A Journey.

Adventure.

This blog is as much of a journey for me as it is for anyone that wishes to follow. I am writing about things that are significant to my life at the moment and what I am doing to get the best out of it.
I am a strong believer in ‘everything happens for a reason’ – I think, in life, the things that don’t work out how you wanted/expected aren’t meant to be, at least not at that moment in time anyway.
When things don’t work out, other things fall in to place.
I was adamant I would be able to cope emotionally with the anniversary of my dads death but in fact, like I mentioned before, I broke, I lost myself, I lost my way. I’m not complaining though, I needed it.. sometimes a little self-destruct is needed to self-discover.
I needed to fall in love with me again.
I’ve always wanted to go travelling but l I kept saying ‘next year, next year’ I had a sudden urge and didn’t want to wait until next year so back in November I jetted off to Bali on my own for 2 weeks of adventure!
It wasn’t part of my plan, but it made me feel something, I can’t quite explain it but all I know is, it made me smile. It made me want to get up in the mornings to make the days go quicker, it bought back my spark.
Some people may think of it as running away from my feelings and I guess in a sense that was initially what I wanted to do, but I wasn’t , I was simply removing myself from my natural surroundings to build myself up again in order to deal with things that I hadn’t felt mentally strong enough to deal with over the past few months.
I’m not saying pack up all your stuff if you’re having a bad time, but I’d definitely recommend stepping out of your comfort zone.
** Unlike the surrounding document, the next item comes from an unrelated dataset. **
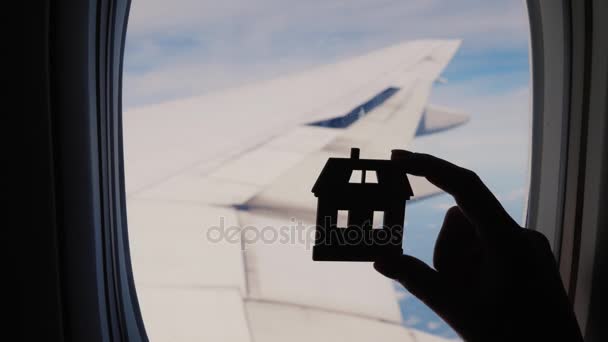 Eine weibliche Hand hält die Figur eines kleinen Hauses auf dem Hintergrund eines Flugzeugfensters. Flügel und der Himmel im Hintergrund — Stockvideo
I feel like getting into a routine can become a little tedious, almost draining. Waking up and doing the same thing every day gives you nothing to look forward to, unless of course you are lucky enough to have a job you love.
I met the most incredible people while being away and experienced some breath taking things. I laughed continuously, I found me again, as cliche as that sounds.

Being home has made me realise what really matters in life and what I really want to do.
I can’t wait for more adventures.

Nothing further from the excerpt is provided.